Un proprietario di auto sa benissimo cosa si intende per “rottamazione”; mentre un armatore-propritario di una barca non conosce i diritti e/o doveri per avviare il suo natante a “rifiuto”.
Le soluzioni, in questo comparto marittimo, specie lungo le coste mediterranee, sono spesso improvvisate, fuori dalle regole e costose. La prima soluzione che viene in mente è quella di affondare (autoaffondare) la propria barca; oppure può lasciarla in qualche deposito terrestre di vecchi natanti per portarla in discarica, pagando.
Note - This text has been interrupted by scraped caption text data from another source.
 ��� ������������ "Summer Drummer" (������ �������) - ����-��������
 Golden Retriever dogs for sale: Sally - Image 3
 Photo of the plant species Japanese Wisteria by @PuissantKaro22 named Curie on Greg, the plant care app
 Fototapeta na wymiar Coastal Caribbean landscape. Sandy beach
Se si tratta di uno yacht può contattare un mediatore per trasferirlo sulle spiagge delle demolizioni dell’India e del Bangladesh. Ancora, il problema si complica se la barca o lo yacht del diportista domenicale è costituita da materiali cosiddetti “pericolosi”. Un vero problema che può essere trasferito dal diportista al cantiere, comprando una barca nuova; però il problema rimane.
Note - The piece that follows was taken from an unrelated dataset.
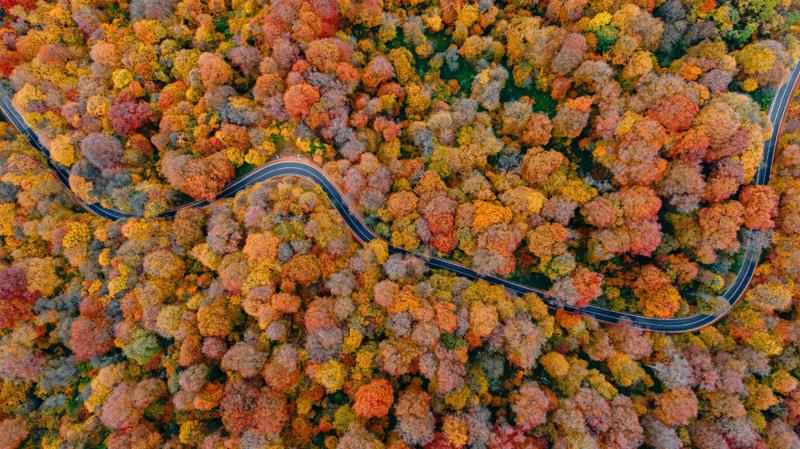 შემოდგომა საბადურის ულამაზეს ტყეში - როგორია ჯადოსნური ტყის სახელის ეტიმოლოგია ( + ფოტოები)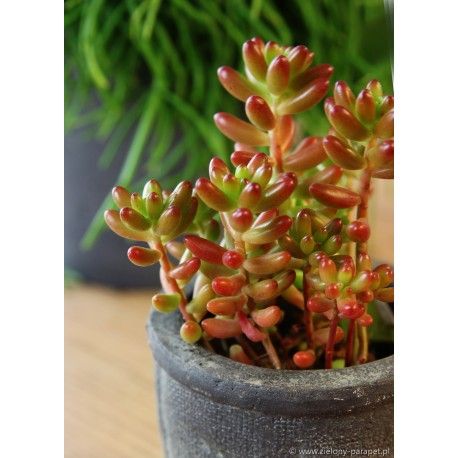 sedum rubrotinctum (Jelly Bean)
Oggi quando si parla di sviluppo in qualsiasi campo economico, ed in particolare nel settore marittimo industriale, occorre tener presente il paradigma della “sostenibilità” ambientale e le spese per la gestione di “fine attività” dei prodotti, come il caso della barca vecchia.
Prima le barche erano costruite tutte con materiali naturali, compreso i ferri e l’acciaio, senza grande dispendio di energia; oggi, vi sono costi non solo per produrre e distribuire energia necessaria alla catena di costruzione industriale dei natanti, ma esiste anche l’energia da impiegare per la dismissione e distruzione dei prodotti – rifiuti.
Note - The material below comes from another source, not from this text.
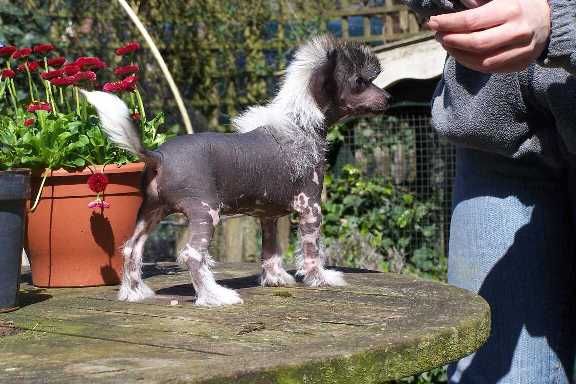 Skipperdale Centerfold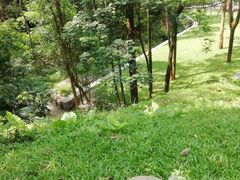 -火炉山森林公园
Diventa importante la gestione di vita della barca, dalla sua progettazione alla sua demolizione; scelta dei materiali ecocompatibili da parte dei cantieri quando costruiscono una barca e tutta la certificazione da parte di Istituti di Classificazione per controllare in vita la “navigabilità” del natante, che il proprietario non può espletare da sé. Anche se qualche università sta pensando alla barca “indistruttibile”; nel frattempo qualche cantiere fa affari solo demolendo barche.